» **Exercise instructions**
An exact copy of the data is required; the images should not appear in it.

» **Source data**
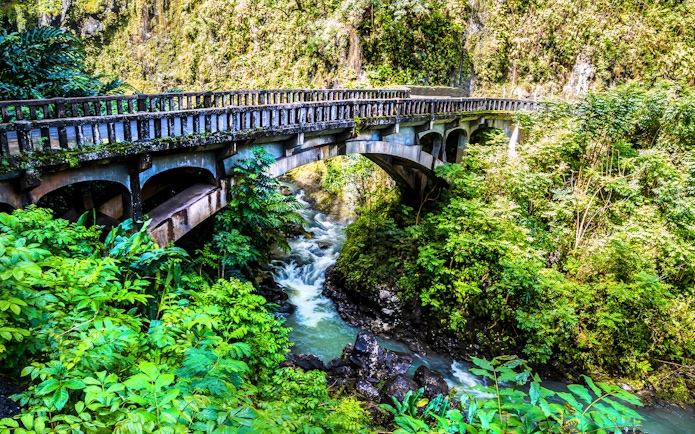 Bridge over Wailua Nui Stream at Upper Waikani Falls, Road to Hana, Maui, Hawaii.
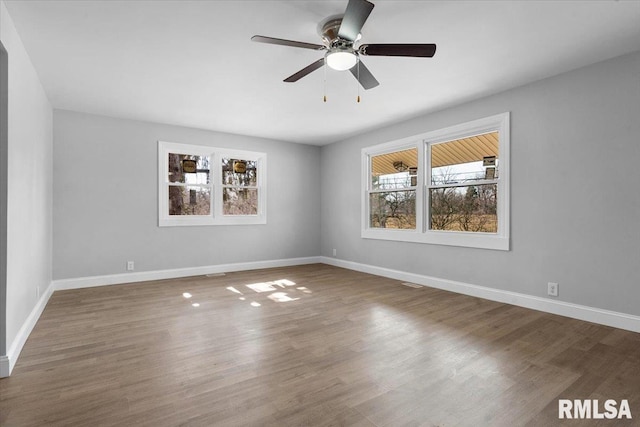 empty room with a ceiling fan, baseboards, and wood finished floors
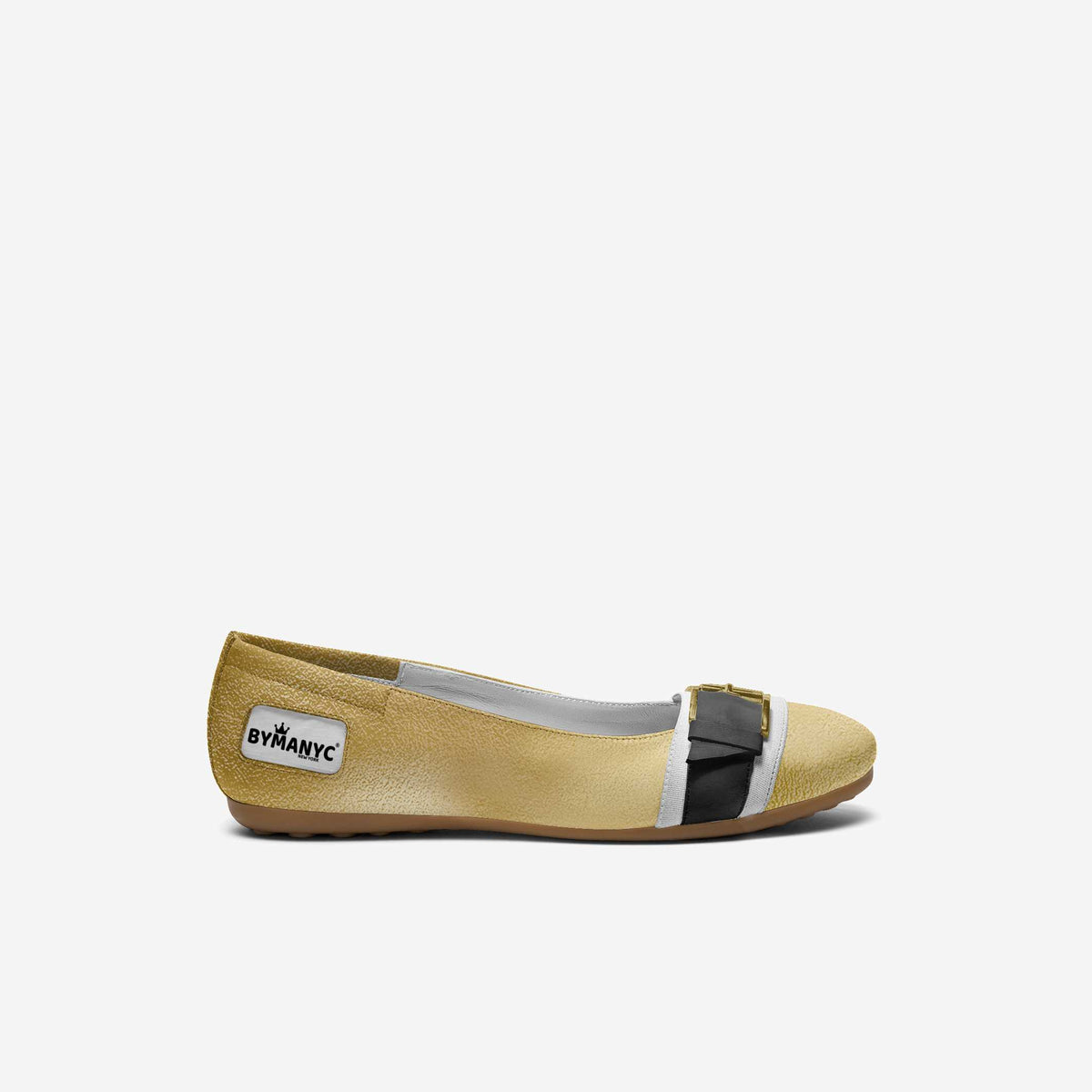 Beige flat shoe with a black accent on a white background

» **Exercise answer**
 Bridge over Wailua Nui Stream at Upper Waikani Falls, Road to Hana, Maui, Hawaii.
 empty room with a ceiling fan, baseboards, and wood finished floors
 Beige flat shoe with a black accent on a white background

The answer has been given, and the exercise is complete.